Perceber-se-á que uma das linhas de
força da narrativa centra-se na ascensão de João Romão, português pobre e
inescrupuloso que tem como meta enriquecer. Essa vitória ele conquista tirando
proveito da escrava Bertoleza, ludibriando os inquilinos da estalagem e armando
um casamento com Zulmira, a filha do rico comerciante Miranda, dono do sobrado
vizinho, que se tornou barão. No romance, a transformação do simplório Romão em
burguês elegante e metido nos assuntos da política simboliza a crítica de
Aluísio à trajetória ascendente de pessoas gananciosas. Já nas primeiras linhas
do capítulo VIII de O Cortiço, as
mudanças no comportamento de Jerônimo marcam o destino de degradação ética
imposto pelo processo de assimilação do imigrante português aos trópicos. Sua
queda ilustra a tese da submissão do homem honesto e trabalhador às regras da
fisiologia e do meio. Jerônimo entrega-se aos encantos sensuais da charmosa
Rita Baiana e, impelido pela atração sexual, abandona a família.
Aluísio expõe uma
visão bem crítica dos tipos sociais da capital brasileira na virada do século
XIX. Além dos protagonistas, uma galeria de figuras secundárias completa os
registros minuciosos que ele faz da rotina das lavadeiras e dos trabalhadores
na pedreira, apresentando seus hábitos alimentares, vestimentas, práticas de
medicina popular, crenças místicas africanas e o gosto musical luso-brasileiro
marcado pelas melodias e pelos ritmos do fado, do samba e do lundu. Distintas
entre grupos de capoeiras e enfrentamentos corriqueiros formam a tessitura
dramática que sustenta e enriquece essa narrativa.

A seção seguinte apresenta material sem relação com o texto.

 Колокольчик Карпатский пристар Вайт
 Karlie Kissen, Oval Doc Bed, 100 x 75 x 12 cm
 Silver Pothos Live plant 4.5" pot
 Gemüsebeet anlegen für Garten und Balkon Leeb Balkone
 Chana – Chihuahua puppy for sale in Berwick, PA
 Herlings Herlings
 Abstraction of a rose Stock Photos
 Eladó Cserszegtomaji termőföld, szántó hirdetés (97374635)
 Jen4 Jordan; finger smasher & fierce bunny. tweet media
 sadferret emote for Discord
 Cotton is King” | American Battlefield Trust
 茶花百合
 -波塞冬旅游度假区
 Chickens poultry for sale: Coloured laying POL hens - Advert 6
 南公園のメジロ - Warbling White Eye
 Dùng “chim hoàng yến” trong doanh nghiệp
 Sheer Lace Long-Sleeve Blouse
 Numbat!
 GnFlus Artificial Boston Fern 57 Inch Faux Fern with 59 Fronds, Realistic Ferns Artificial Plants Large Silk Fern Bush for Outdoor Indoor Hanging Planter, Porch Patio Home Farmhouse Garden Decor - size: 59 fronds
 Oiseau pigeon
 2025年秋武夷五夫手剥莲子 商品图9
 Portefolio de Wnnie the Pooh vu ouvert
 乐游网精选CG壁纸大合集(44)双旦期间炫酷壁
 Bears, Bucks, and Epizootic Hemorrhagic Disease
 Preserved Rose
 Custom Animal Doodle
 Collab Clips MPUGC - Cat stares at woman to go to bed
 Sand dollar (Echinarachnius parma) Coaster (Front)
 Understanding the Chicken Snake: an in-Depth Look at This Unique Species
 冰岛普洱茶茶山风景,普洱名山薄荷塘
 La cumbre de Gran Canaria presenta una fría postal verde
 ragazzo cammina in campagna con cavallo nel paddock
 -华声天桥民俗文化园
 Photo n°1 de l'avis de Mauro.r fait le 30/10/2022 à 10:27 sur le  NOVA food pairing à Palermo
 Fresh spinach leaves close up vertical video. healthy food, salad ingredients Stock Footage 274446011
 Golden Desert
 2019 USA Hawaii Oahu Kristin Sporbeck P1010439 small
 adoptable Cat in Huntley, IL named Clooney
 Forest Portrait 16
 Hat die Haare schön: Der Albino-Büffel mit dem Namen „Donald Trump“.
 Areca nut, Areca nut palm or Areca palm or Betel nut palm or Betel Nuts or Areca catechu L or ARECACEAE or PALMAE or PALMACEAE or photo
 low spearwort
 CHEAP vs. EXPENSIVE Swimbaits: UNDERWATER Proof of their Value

Aluísio criou em O Cortiço um
microcosmo a partir do qual quis documentar na ficção o processo de
constituição da sociedade brasileira e lançar luz sobre suas glórias e suas
mazelas.
*
Orna Messer Levin – Doutora em Teoria Literária, professora de Teoria Literária
do Instituto de Estudos da Linguagem – IEL/Unicamp.
AZEVEDO,
Aluísio. O Cortiço. Edição Renovada a partir da 3.ª edição de 1920. São Paulo,
Editora FTD S.A., 2011. (Pp. 5 a 7).